From the listing below, set down exactly the lines between the one holding "Walker Edison 1-drawer" and the one holding "Organizador De Zapatos", inclusive. No other line is wanted.

---------- Data section ----------

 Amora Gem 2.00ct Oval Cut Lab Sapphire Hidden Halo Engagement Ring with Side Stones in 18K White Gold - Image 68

----------
---------- Data section ----------

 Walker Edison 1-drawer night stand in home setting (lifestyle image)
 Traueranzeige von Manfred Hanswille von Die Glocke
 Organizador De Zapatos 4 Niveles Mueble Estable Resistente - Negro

----------

Your solution:
 Walker Edison 1-drawer night stand in home setting (lifestyle image)
 Traueranzeige von Manfred Hanswille von Die Glocke
 Organizador De Zapatos 4 Niveles Mueble Estable Resistente - Negro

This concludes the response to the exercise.